Each line of the material below is to be written out exactly. Leave out any picture.

Data -
Content starts

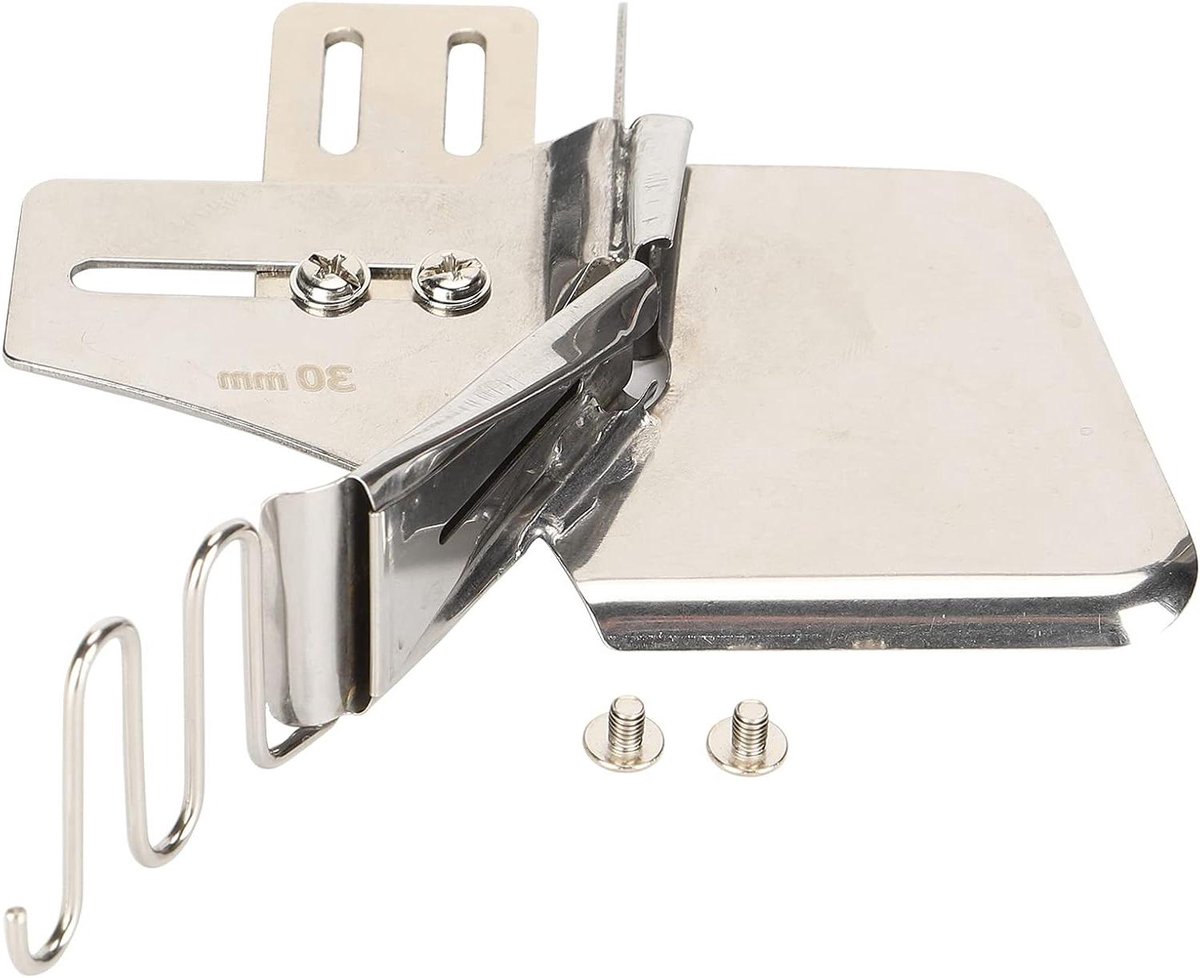 Schuinband Stiksteek Accessoire voor Naaimachine 30 mm Breedte Platte Naadmap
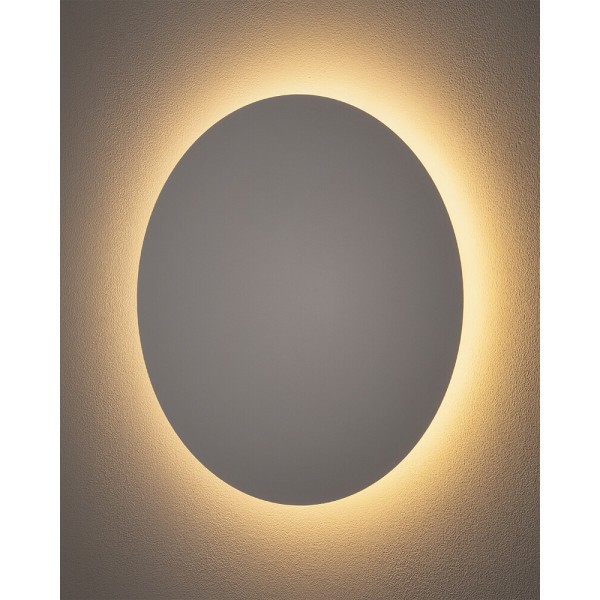 Бра, настінний світильник Nowodvorski 7640 Ring L LED 1x13W 3000K 160Lm IP20 білий - фото №2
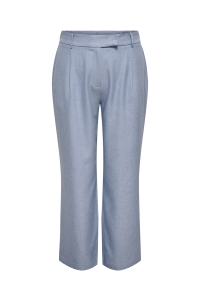 carmakoma CARLINDA HW STR MEL PANTS TLR vintage indigo/melange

Content ends

Written response -
 Schuinband Stiksteek Accessoire voor Naaimachine 30 mm Breedte Platte Naadmap
 Бра, настінний світильник Nowodvorski 7640 Ring L LED 1x13W 3000K 160Lm IP20 білий - фото №2
 carmakoma CARLINDA HW STR MEL PANTS TLR vintage indigo/melange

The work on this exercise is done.